Chiuse le porte della tv,
Fo e Rame tornarono nel loro ambiente naturale. Il mondo nel frattempo stava
cambiando velocemente e la coppia di artisti decise di restituire al teatro la
sua storica funzione sociale. Nel 1968, prima con l’associazione Nuova Scena e poi con il
collettivo La Comune, scelsero di
rompere con il teatro tradizionale e portare in giro per l’Italia testi nuovi,
sensibili ai movimenti politici e sociali in atto. Dario Fo e Franca Rame
scelsero il loro pubblico tra gli operai, i contadini e gli studenti, portando
il teatro fuori dai luoghi deputati per la sua messa in scena, ed esibendosi
nelle case del popolo, negli ospedali, nei palazzetti dello sport, nei cinema,
nei bocciodromi, nelle piazze. Il fine era quello di coinvolgere tutte quelle
persone che normalmente non lo frequentavano. Questa visione indipendente si
trovò spesso in disaccordo anche con la parte politica a loro più affine: a
causa delle critiche che le loro opere mossero allo stalinismo e alle posizioni
socialdemocratiche del Pci, il loro lavoro venne
pesantemente criticato e osteggiato dai
vertici del Partito comunista. E a poco servì anche
l’intervento indignato rivolto ai due “compagni” da parte del segretario del
Partito comunista, Enrico Berlinguer. Nonostante ciò, i due attori proseguirono
con coerenza, pur tra mille difficoltà.
Dopo gli anni della
contestazione, il loro teatro mutò, ma senza mai tradire la loro formazione
artistica e politica.

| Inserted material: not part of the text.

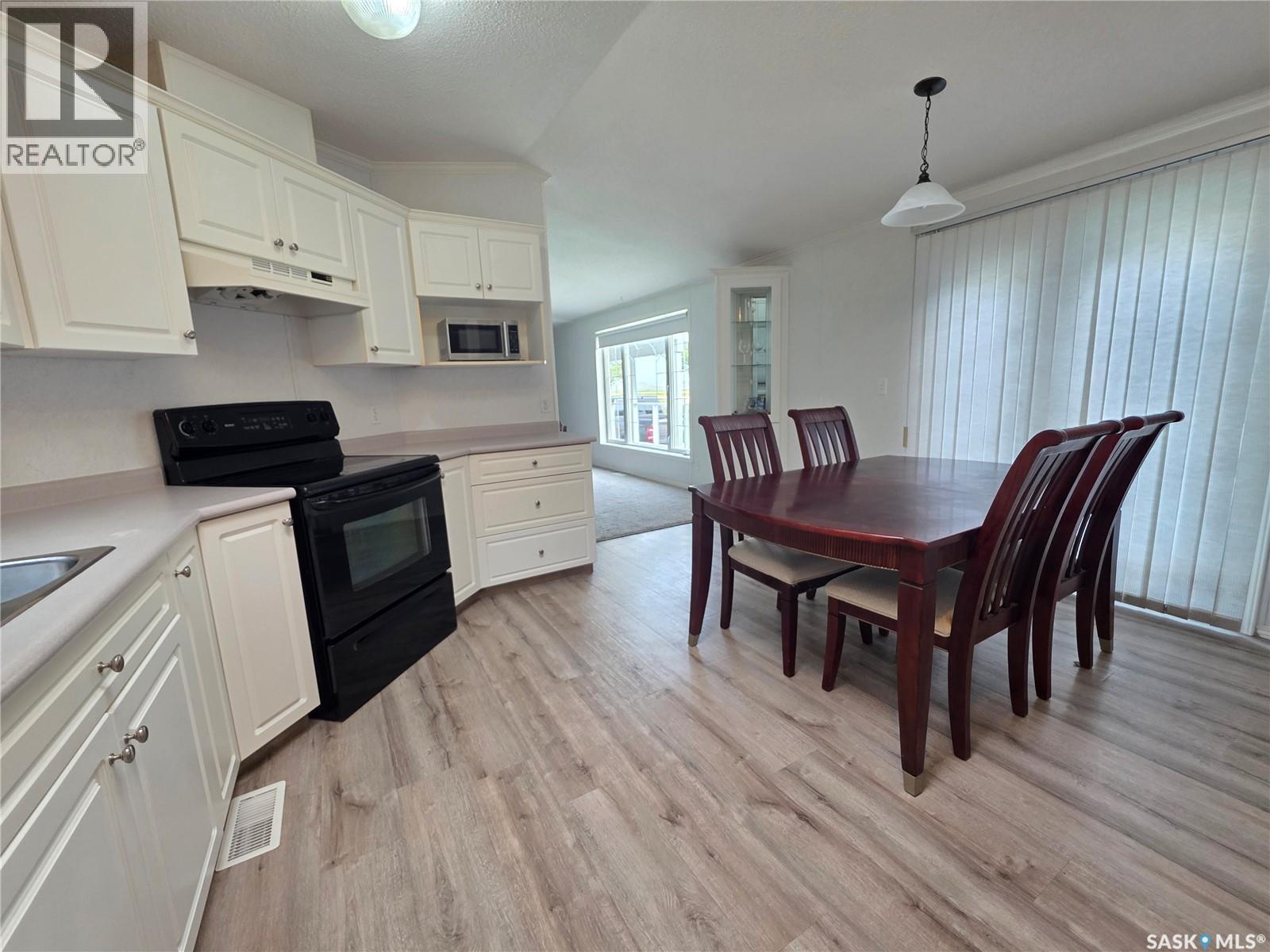 63 Prairie Sun COURT - 5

Il mondo premiò questa coerenza conferendo
nel 1997 il premio Nobel per la letteratura a Dario Fo con
questa motivazione: “Seguendo la tradizione dei giullari medievali, dileggia il
potere restituendo la dignità agli oppressi”. Il Nobel è un riconoscimento che
lui ha sempre detto di
dover condividere, umanamente e professionalmente, con la sua compagna di vita:
“Permettete che io dedichi una buona metà della medaglia che mi offrite a
Franca. Franca Rame, la mia compagna di vita e d’arte […] che con me ha scritto
più di un testo del nostro teatro […] Senza di lei, per una vita al mio fianco,
personalmente non ce l’avrei mai fatta a meritare questo premio. Insieme
abbiamo montato e recitato migliaia di spettacoli in teatri, fabbriche
occupate, università in lotta, perfino in chiese sconsacrate, in carceri, in
piazza col sole e la pioggia, sempre insieme. Abbiamo sopportato vessazioni,
cariche della polizia, insulti dei benpensanti e le violenze. E soprattutto è
lei, Franca, che ha subito la più atroce delle aggressioni. Lei, più di tutti,
sulla sua pelle, ha pagato per la solidarietà che davamo agli umili e ai
battuti”. Un prestigioso premio che insieme decisero di dedicare ai giovani:
“Il nostro dovere di intellettuali, di gente che monta in cattedra o sul
palcoscenico, che parla soprattutto con i giovani è quello […] di informarli di
quello che succede intorno. Loro devono raccontare la loro storia. Un teatro,
una letteratura, una espressione d’arte che non parli del proprio tempo è
inesistente”.
Sulla coppia Fo Rame si
sono abbattute per anni le malignità di metà Paese, il loro attivismo politico
ha attirato le peggiori calunnie e non ha risparmiato a Franca Rame la più
terribile delle torture. I due attori hanno pagato caro il prezzo del loro
schierarsi ed è lecito chiedersi se, dati gli attuali risvolti politici in
Italia, avrebbero considerato un errore di valutazione l‘appoggio a favore del Movimento 5Stelle.
Sicuramente possiamo dire che anche quel sostegno politico ha rappresentato la
loro incrollabile speranza nel futuro e nei giovani, e soprattutto il loro
desiderio di essere attuali. Dagli artisti non possiamo aspettarci
l’infallibilità, sarebbe ridicolo, il loro compito è quello di invogliarci a
sperare nelle utopie che il mondo merita ancora di provare a costruire.